- Instructions for the task
All lines from the line containing "9101 Multi-function Waist" up to and including the last line of the entries must be written out exactly, with no others.

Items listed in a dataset
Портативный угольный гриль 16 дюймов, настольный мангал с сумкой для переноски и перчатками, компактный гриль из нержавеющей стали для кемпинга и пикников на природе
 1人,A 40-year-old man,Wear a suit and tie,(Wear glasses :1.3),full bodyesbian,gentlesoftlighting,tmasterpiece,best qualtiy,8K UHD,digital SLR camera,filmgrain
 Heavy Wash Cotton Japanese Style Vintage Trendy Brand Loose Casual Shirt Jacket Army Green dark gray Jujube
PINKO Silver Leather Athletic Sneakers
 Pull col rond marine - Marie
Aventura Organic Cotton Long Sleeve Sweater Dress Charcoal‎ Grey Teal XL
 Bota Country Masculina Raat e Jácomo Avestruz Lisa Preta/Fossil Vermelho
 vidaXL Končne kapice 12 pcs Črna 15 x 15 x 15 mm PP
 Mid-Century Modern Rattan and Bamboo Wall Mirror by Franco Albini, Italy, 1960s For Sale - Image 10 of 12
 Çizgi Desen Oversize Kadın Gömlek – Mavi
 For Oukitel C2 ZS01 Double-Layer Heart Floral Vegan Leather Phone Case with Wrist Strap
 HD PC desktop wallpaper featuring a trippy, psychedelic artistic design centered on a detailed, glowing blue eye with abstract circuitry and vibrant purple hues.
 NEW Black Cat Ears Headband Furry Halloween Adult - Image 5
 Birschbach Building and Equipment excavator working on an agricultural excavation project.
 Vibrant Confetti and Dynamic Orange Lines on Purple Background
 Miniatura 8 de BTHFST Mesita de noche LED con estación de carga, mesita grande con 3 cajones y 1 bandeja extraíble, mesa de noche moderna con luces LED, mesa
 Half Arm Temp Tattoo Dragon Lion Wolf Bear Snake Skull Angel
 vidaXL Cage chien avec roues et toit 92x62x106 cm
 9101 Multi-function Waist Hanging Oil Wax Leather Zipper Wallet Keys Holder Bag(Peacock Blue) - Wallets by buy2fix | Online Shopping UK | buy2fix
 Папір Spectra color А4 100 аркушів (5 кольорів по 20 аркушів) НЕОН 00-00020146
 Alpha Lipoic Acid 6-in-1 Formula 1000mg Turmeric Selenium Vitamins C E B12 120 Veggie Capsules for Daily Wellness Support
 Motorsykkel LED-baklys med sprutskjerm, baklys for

- The completed task
 9101 Multi-function Waist Hanging Oil Wax Leather Zipper Wallet Keys Holder Bag(Peacock Blue) - Wallets by buy2fix | Online Shopping UK | buy2fix
 Папір Spectra color А4 100 аркушів (5 кольорів по 20 аркушів) НЕОН 00-00020146
 Alpha Lipoic Acid 6-in-1 Formula 1000mg Turmeric Selenium Vitamins C E B12 120 Veggie Capsules for Daily Wellness Support
 Motorsykkel LED-baklys med sprutskjerm, baklys for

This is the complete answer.